Я не сделал движения, чтобы выйти из комнаты, я ни малейшим признаком не обнаружил своего горя. Мое сердце ожесточилось против женщины, так упорно отказывавшей мне. Я стоял и смотрел на нее без жалости, охваченный гневом, одно воспоминание о котором ужасает меня и теперь. Для меня было только одно извинение. Рассудок мой не мог перенести последнего разрушения надежды, привязывавшей меня к жизни. В ту ужасную ночь (чего не было в другое время), я сам думаю, что был помешан. Я первый прервал молчание.

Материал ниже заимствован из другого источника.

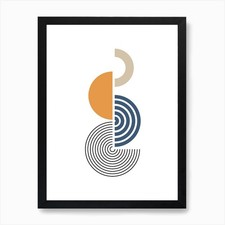 Logo design kunstdruck gerahmt - logo,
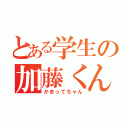 とある学生の加藤くん（かまってちゃん）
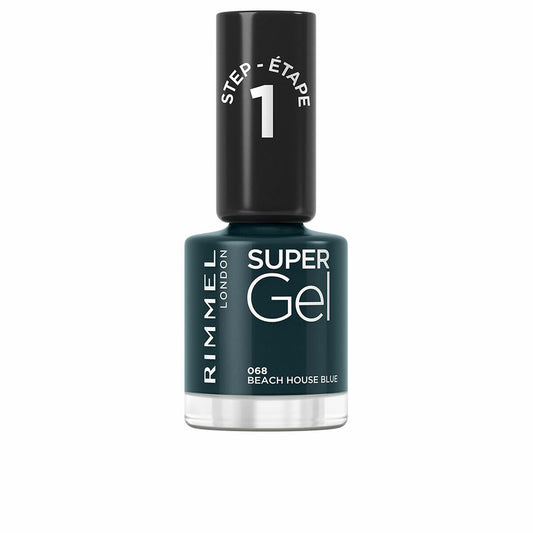 nail polish Rimmel London Super Gel Nº 068 Beach house blue 12 ml Rimmel London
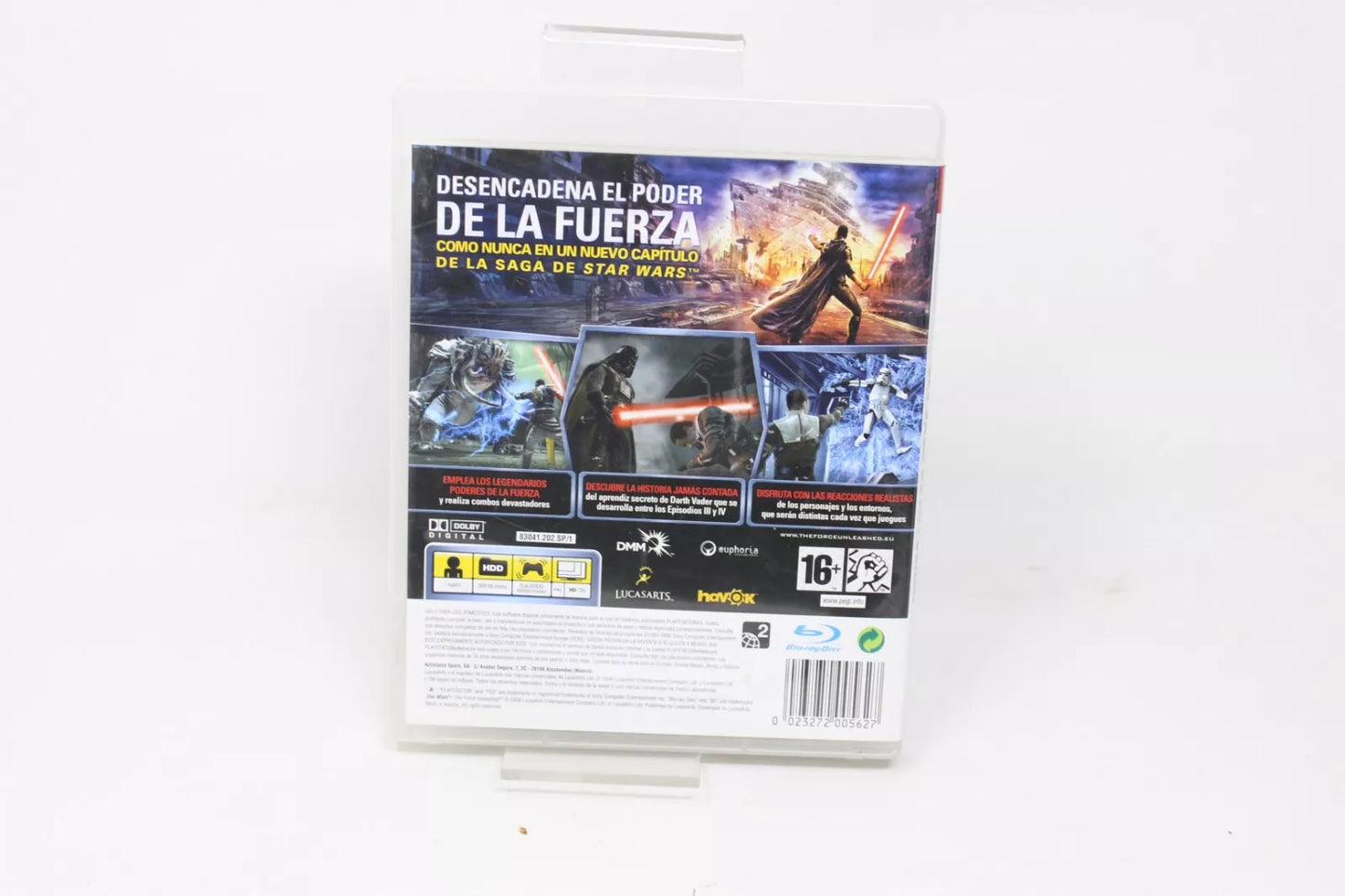 STAR WARS EL PODER DE LA FUERZA SONY FISICO INV-9445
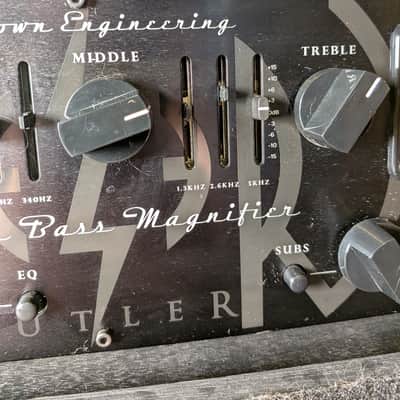 Ashdown Engineering Geezer Butler Signature Head of Doom 600W Bass Head w/Tweed Rack Case (Used) image 4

- Встаньте, - сказал я холодно.

Она приподняла свое лицо от пола и посмотрела на меня, сомневаясь, то ли она слышала.

- Наденьте шляпку и плащ, - продолжал я - я должен просить вас отправиться со мной на судно.

Она медленно приподнялась. Глаза ее остановились на моем лице с тупым и изумленным выражением.

- Зачем мне идти с вами на судно? - спросила она. Девочка услышала ее. Девочка подбежала к нам, держа в одной руке свою шляпу, а в другой ключ от каюты.

- Я готова! - сказала она. - Я отворю дверь каюты.

Мать сделала ей знак вернуться в спальню. Она подошла к двери, которая вела на двор, и ждала там прислушиваясь. Я холодно повернулся к мистрис Ван-Брандт и ответил на вопрос, с которым она обратилась ко мне.

- Вы остались, - сказал я, - без всяких средств, чтобы уехать отсюда. Через два часа настанет прилив, и я тотчас отправлюсь в обратный путь. На этот раз мы расстанемся с тем, чтобы не встречаться никогда. Прежде чем уеду, я решил обеспечить вас материально. Деньги мои лежат в дорожном мешке в каюте. Вот по этой причине я и должен просить вас отправиться со мной на мое судно.

- Благодарю вас за доброту, - сказала она. - Мне совсем не так нужна помощь, как вы предполагаете.

- Бесполезно пытаться обмануть меня, - продолжал я. - Я говорил с главным партнером дома Ван-Брандт в Амстердаме и знаю в точности ваше положение. Ваша гордость должна смириться и принять из моих рук средства к существованию вашему и вашей дочери. Если бы я умер в Англии...

Я остановился. Я хотел было сказать ей, что она получит наследство по моему завещанию и что могла бы взять от меня деньги при жизни, как возьмет их от душеприказчиков после моей смерти. Когда я собирался выразить эту мысль словами, воспоминания, вызванные ею, весьма естественно оживили в моей памяти намерение самоубийства в озере. Примешавшись к воспоминаниям, таким образом возбужденным, во мне возникло непрошеное искушение, столь невыразимо гнусное и вместе с тем столь непреодолимое в настоящем расположении моего духа, что оно потрясло меня до глубины души.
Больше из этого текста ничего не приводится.